Posted: Wed Dec 10, 2008 12:43 pm
by srod
Well, pdf is not Unicode by default; it essentially uses a 7-bit Ascii encoding. My limited understanding of the pdf format indicates that to support unicode you essentially have to create tables of character codes (to map character codes to font glyphs etc.) and from what I saw of the c-source, the library doesn't seem equipped at all to deal with unicode character sets. Whether the library uses a wide-character string representation for it's variables or not is, I thus think, immaterial.
Posted: Wed Dec 10, 2008 1:23 pm
by milan1612
Found another possibility to extract text from a pdf:
xpdf (Direct download)
It is a pack of opensource utilities containing, among others, a pdf2txt commandline
utility which I must say works much better than the C++ library.
Posted: Wed Dec 10, 2008 7:41 pm
by Marco2007
@Milan: Could you do it with the better one, please?
...as I wrote, there are problems with this one:
There`s always 240 in the txt-File:
SCHNITT-240
SPALT
LINSEN-240
BRENNWEITE
DUESEN-240
DURCHMESSER
MAX. LASER-240
LEISTUNG
EINSTELL-240
TEILENUMMER:240
TEILE-ID:240
Any ideas, why?
...and txt-File is empty with this pdf (created with PurePdf):
http://www.free-space.at/elke/Marco.pdf
You decide, what happen -> Fantaisie Software will get the Donation and we all have something, what we can use. That`s good!
Any chance for the better pdfextracter? Now it`s a little problematic...
Thank you!
Posted: Wed Dec 10, 2008 7:49 pm
by milan1612
@Marco
I had another look on the tool mentioned above today. I managed to compile it
from source, but before I even try to make a library out of it I have to know
if the utility is good enough for you. Do you mind trying if it works for you?
Posted: Wed Dec 10, 2008 7:55 pm
by Marco2007
Of Course! I pm you...
Posted: Wed Dec 10, 2008 10:09 pm
by Xombie
I'm watching this thread with an eagle eye. It would be very useful to my work-work project to extract text from PDF files.
Let me know if y'all need any additional testing or help on compiling and such.
Posted: Wed Dec 10, 2008 10:11 pm
by milan1612
Xombie wrote:I'm watching this thread with an eagle eye. It would be very useful to my work-work project to extract text from PDF files.
Let me know if y'all need any additional testing or help on compiling and such.
The library conversion of the tool mentioned above is finished, Marco and I
are currently testing various PDFs. It's working much better than my first
conversion, if you pm me your e-mail I can send you the library...
The more testers the better the result

Posted: Wed Dec 10, 2008 10:20 pm
by Marco2007
It`s brilliant.
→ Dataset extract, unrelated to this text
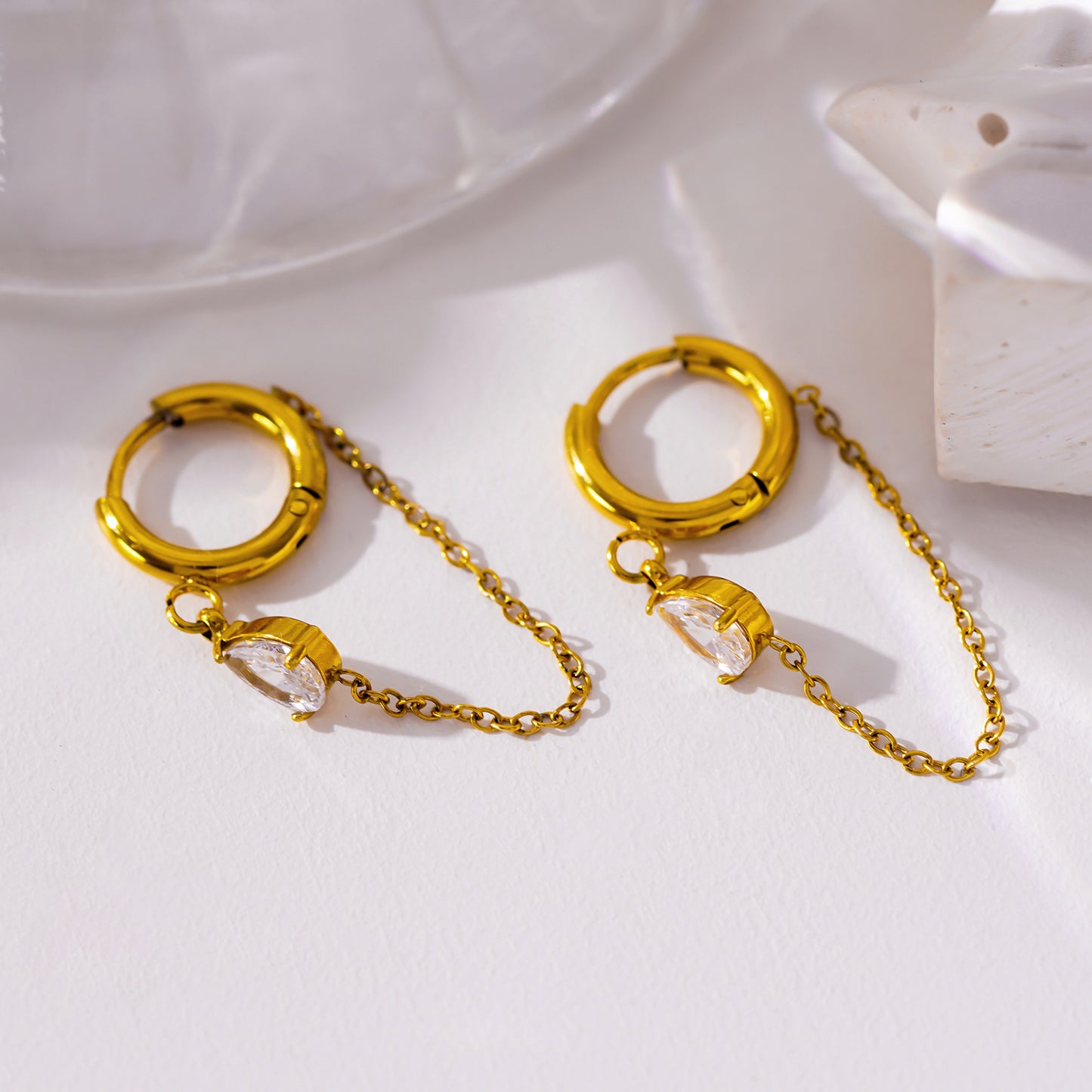 Style KAZUKA 8726: Hoop Earrings with Pear-Shaped Zirconia Charm and Dainty Chain.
I tested it with Pdfs created with PurePDF and I testet different pdfs. Milan`s work is really great!! ...no problems.
@Fantaisie Software: ...could take til Monday (i have to reload my electron prepaid visa for PayPal).
Thanks a lot to Milan!

Posted: Wed Dec 10, 2008 10:28 pm
by milan1612
No problem Marco, it was fun to refresh my C++ knowledge. Please don't forget that
the major work on this library wasn't done by me but by the original authors of Xpdf.
For all the others here is the link:
http://rapidshare.com/files/172190796/pdf2text.zip
Re:
Posted: Wed Jun 15, 2011 10:44 am
by MachineCode
Anyone got this pdftext.zip file? This link is 404.
Re: Re:
Posted: Wed Jun 15, 2011 11:02 am
by Little John
MachineCode wrote:Anyone got this pdftext.zip file?
Yes.
And many thanks to Milan!
Regards, Little John